Dec. 9 (Bloomberg) -- Holders of more than half of Northam Platinum Ltd.’s shares opted not to take up stock offered to them by the company as a strike over pay at its sole operating asset entered a sixth week.
Shareholders owning 44 percent of the Johannesburg-based company’s stock took up their rights as Northam raised 600 million rand ($58 million) at 40 rand per share, it said in a statement today. Coronation Asset Management Pty Ltd. agreed in September to subscribe for shares not taken up by other holders in the so called clawback offer.
Operations at Northam’s Zondereinde asset, the world’s deepest platinum mine, have been halted for more than a month after the National Union of Mineworkers called a strike over wages on Nov. 3. The NUM, the largest representative of the mine’s almost 7,000 employees, has rejected an offer to increase pay by as much as 9 percent.
Northam announced the rights offer in September as it sought to offset the impact of an earlier strike in April that cost 192 million rand in lost revenue.
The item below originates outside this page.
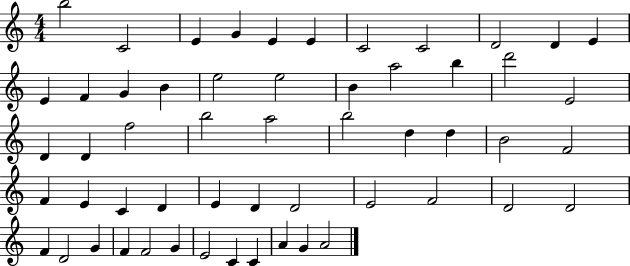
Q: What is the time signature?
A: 4/4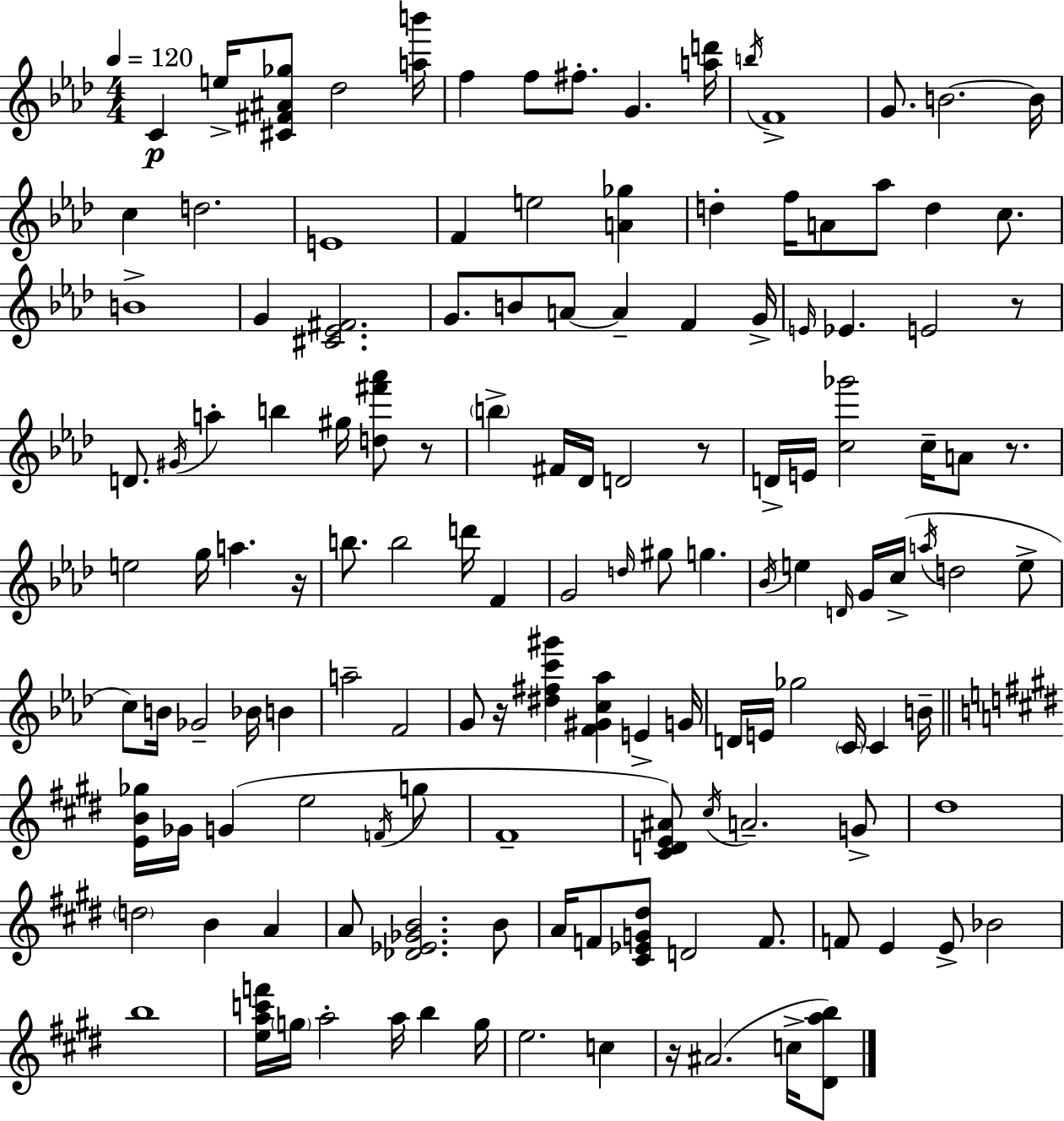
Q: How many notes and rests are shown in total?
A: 137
By not taking up their allocations of stock, individual shareholders will dilute their stakes in the mining company.
Talks to end the strike haven’t resumed since a meeting on Dec. 5 failed to achieve an agreement, Ecliff Tantsi, chief negotiator for the NUM at Northam, said today by phone. “We will wait to hear from them,” Tantsi said.
Revenue losses from the strike exceed 360 million rand, Marion Brower, a spokeswoman for Northam at Russell & Associates, said today by phone.